Exercise objective => Print the data verbatim. Leave every image out.

Supplied data =>
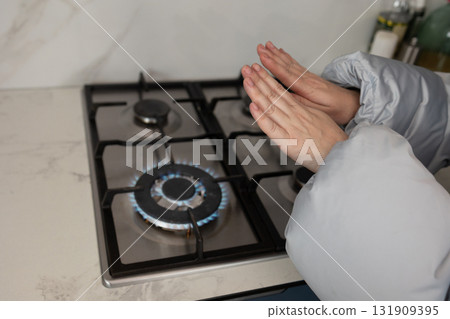 Keeping Warm During Winter by Using Gas Stove for Heat Conservation 131909395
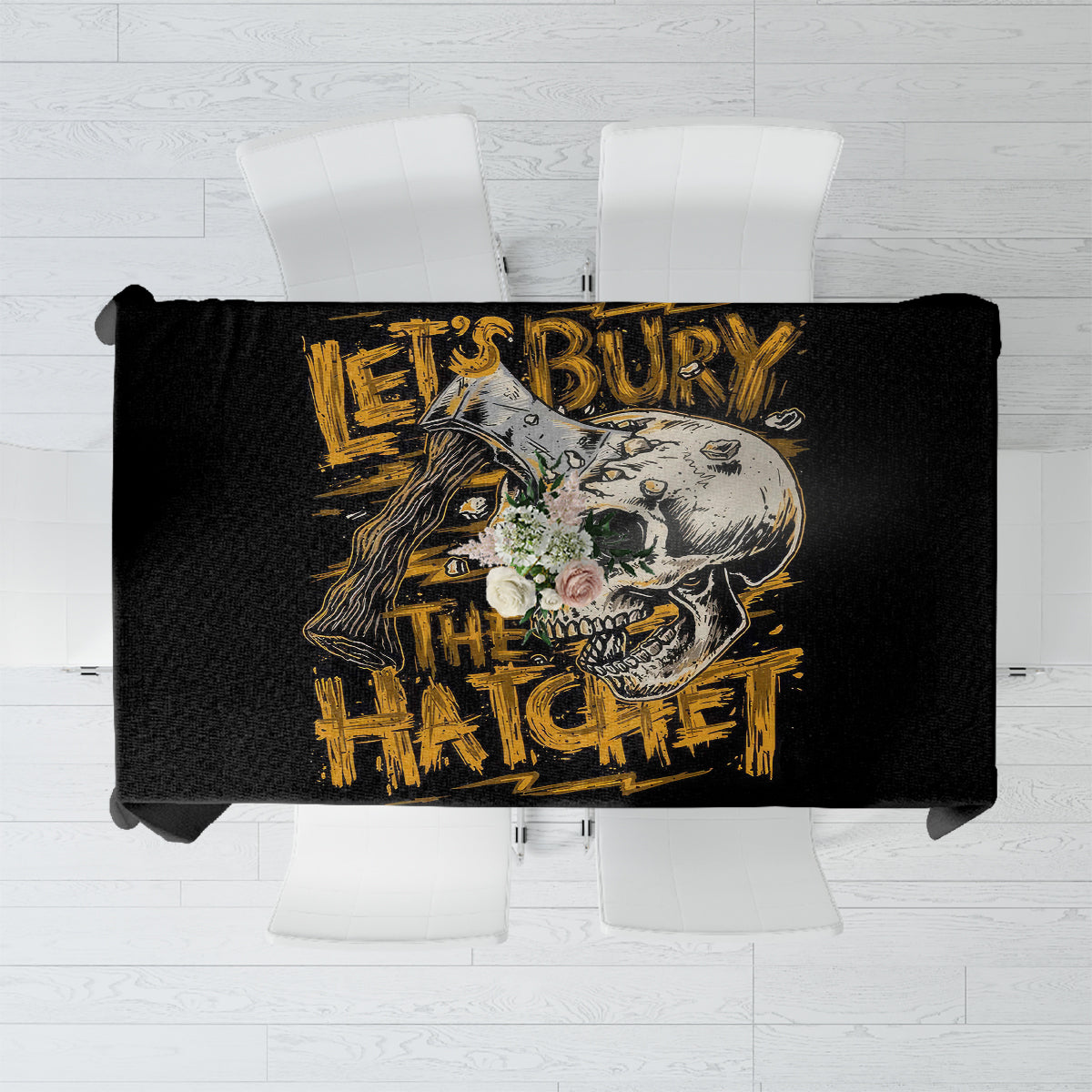 Black tablecloth laid flat, showing a large axe skull graphic with yellow accents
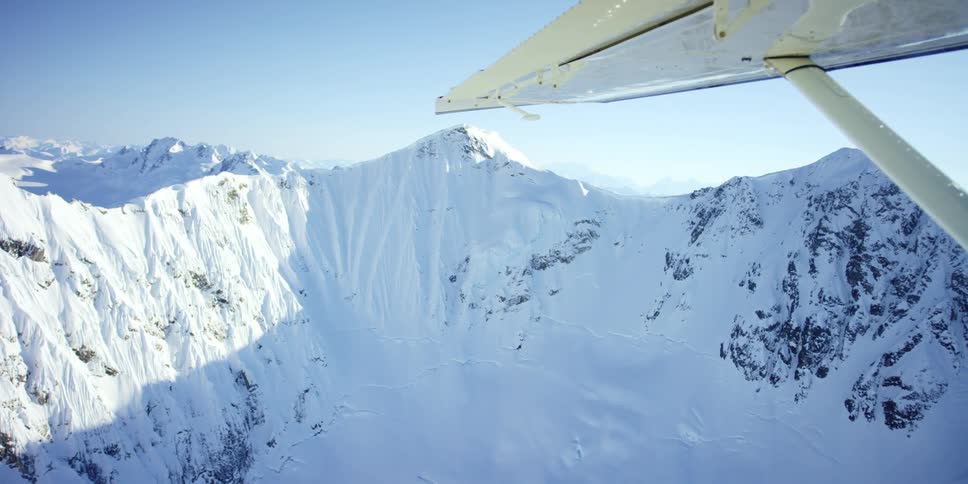 Aerial view of snow capped mountains against the cloudless blue sky seen from a plane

The completed task =>
 Keeping Warm During Winter by Using Gas Stove for Heat Conservation 131909395
 Black tablecloth laid flat, showing a large axe skull graphic with yellow accents
 Aerial view of snow capped mountains against the cloudless blue sky seen from a plane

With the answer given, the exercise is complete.